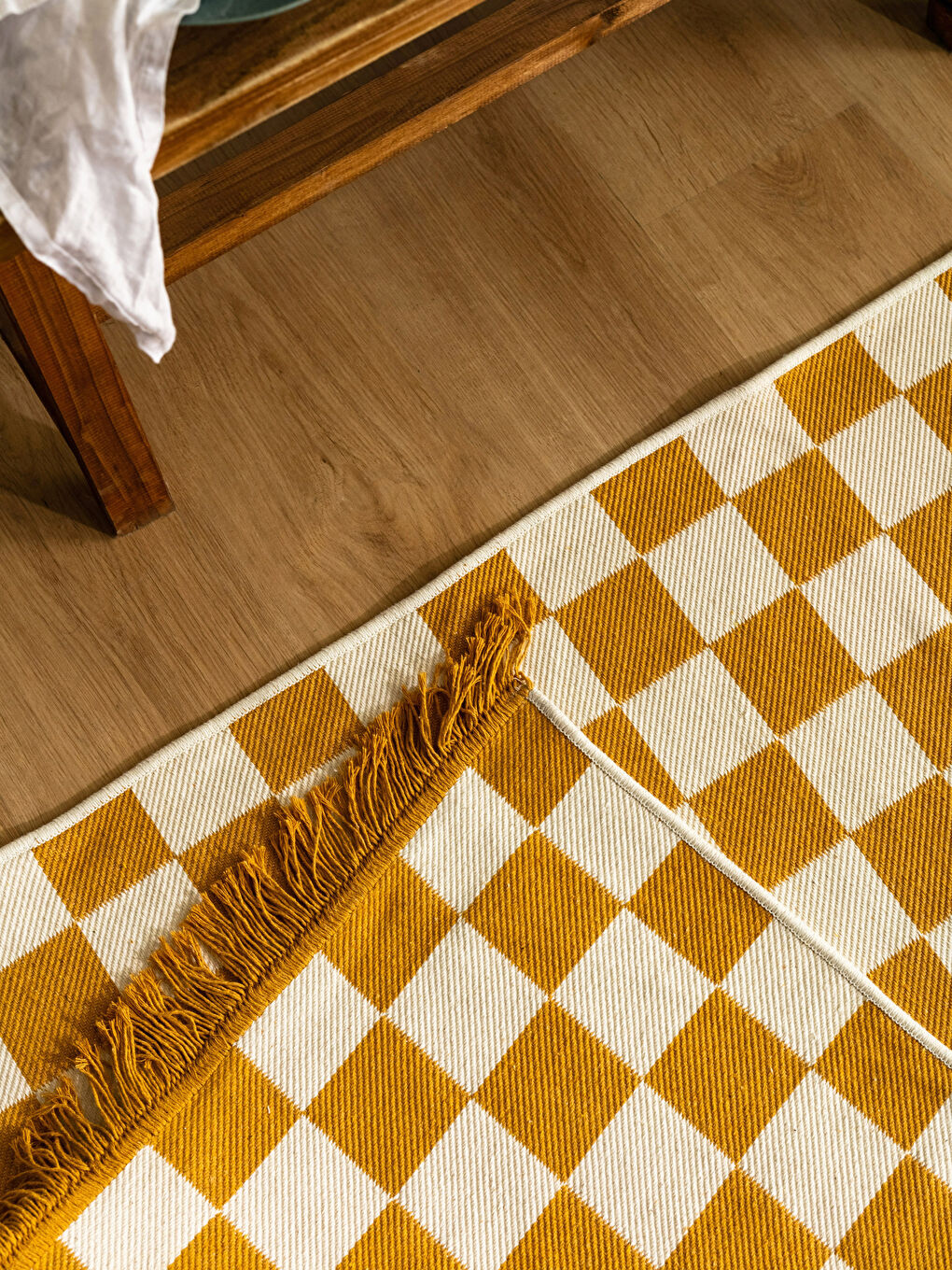 Checker Patterned Double Sided Tasseled Rug 80x150 Cm-2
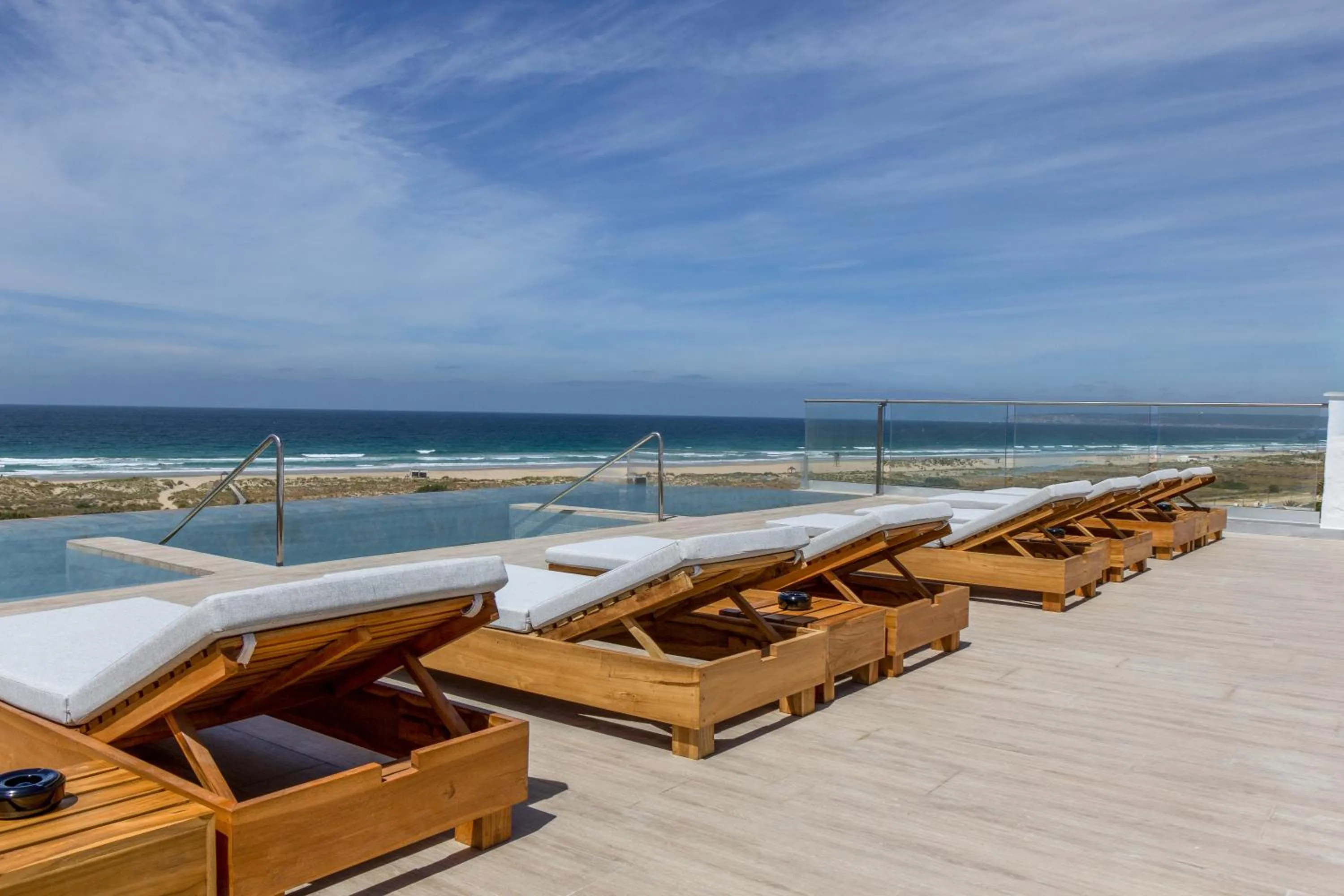 Swimming pool in Zahara Beach & Spa by QHotels - Adults Recommended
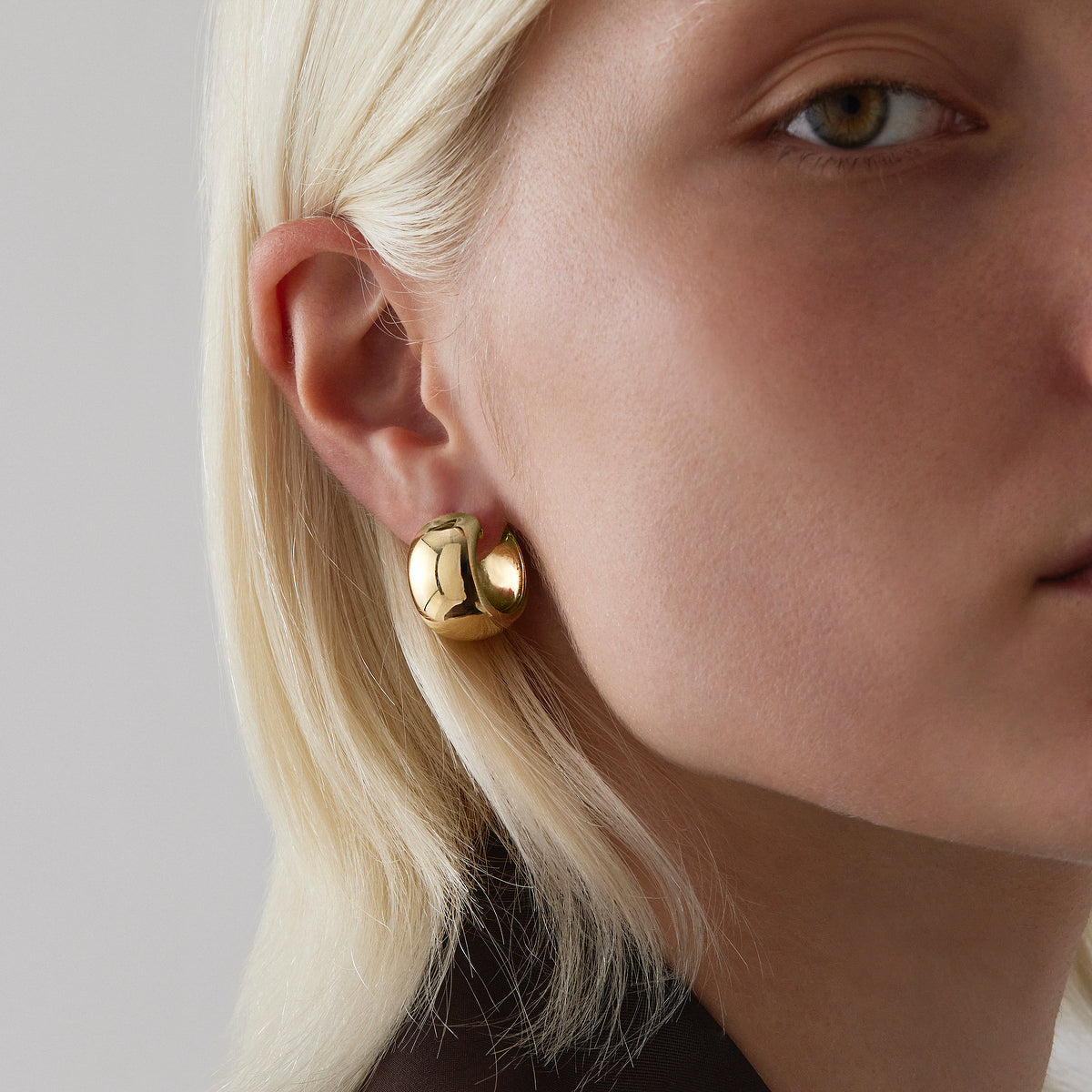 Najo Daynight Huggie Earrings - Yellow Gold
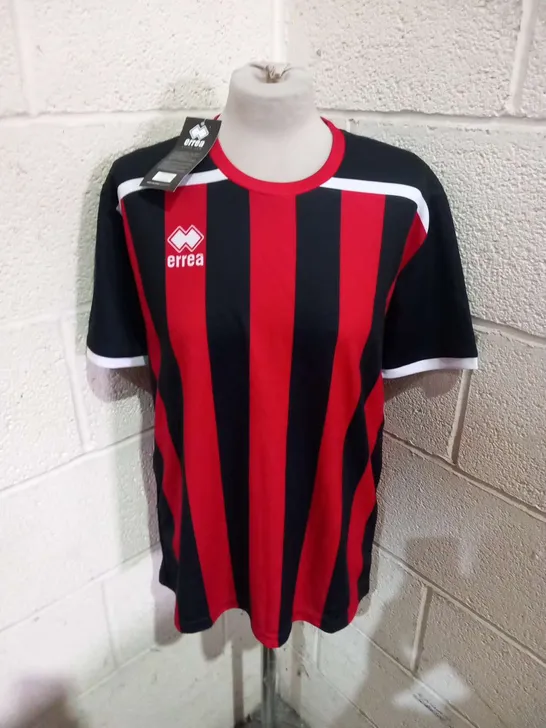 SEVEN BRAND NEW ERREA ELLIOT MAGLIA MC AD NERO ROSSO BLACK AND RED STRIPED FOOTBALL SHIRTS IN SIZES RANGING FROM M TO XL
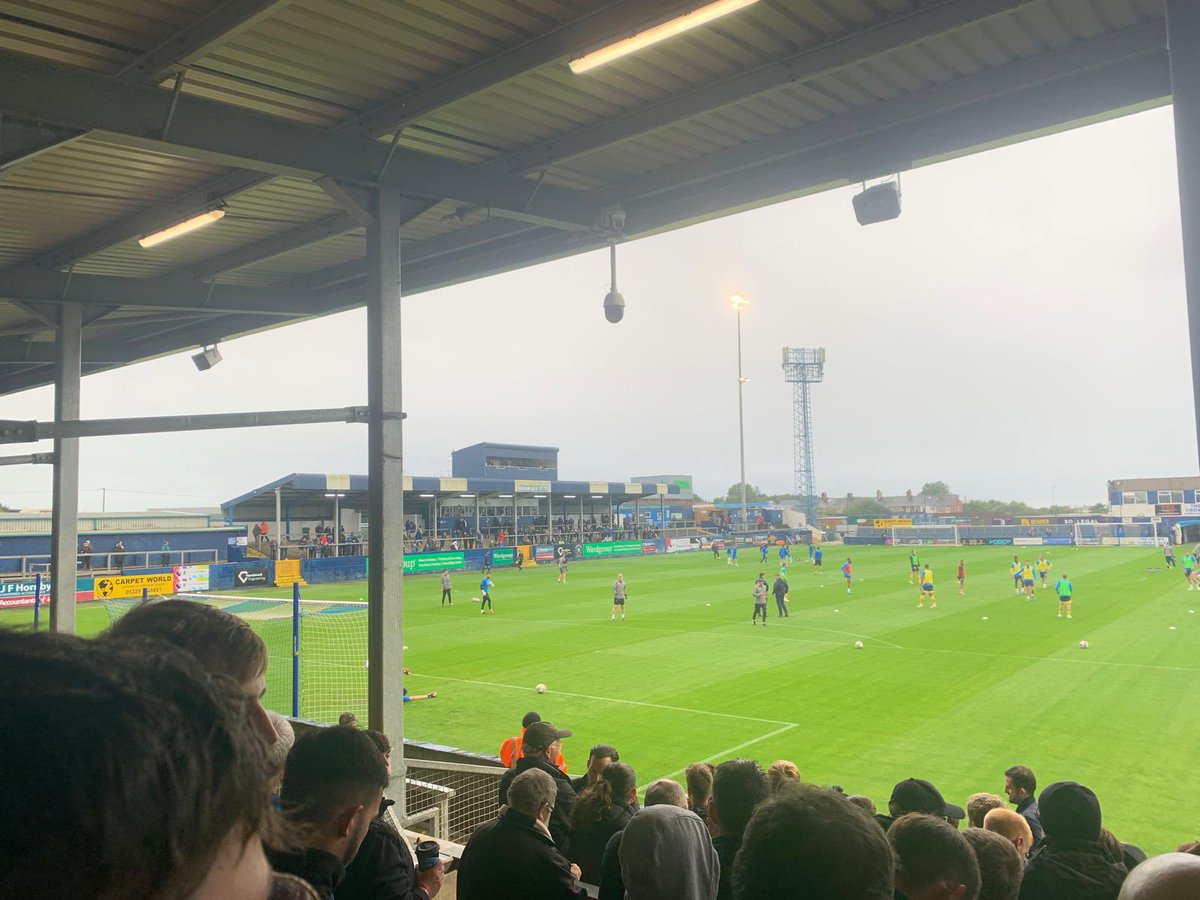 shilton_jade's tweet photo. In the hotel room in Torquay with the younger brother watching the game while my Dad has driven 7.5hrs (courtesy of traffic) to Barrow today, to come back to Devon tomorrow to continue our holiday!
He wasn’t missing out on this one🤍🖤
#dcfc #theram #derby #dcfcfans #ram https://t.co/7I9wcb5RuZ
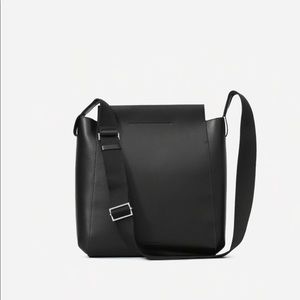 Everlane Form Bag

---

Skip the pictures and print exactly the lines from the one containing "shilton_jade's tweet photo." through the end of the records above.

 shilton_jade's tweet photo. In the hotel room in Torquay with the younger brother watching the game while my Dad has driven 7.5hrs (courtesy of traffic) to Barrow today, to come back to Devon tomorrow to continue our holiday!
He wasn’t missing out on this one🤍🖤
#dcfc #theram #derby #dcfcfans #ram https://t.co/7I9wcb5RuZ
 Everlane Form Bag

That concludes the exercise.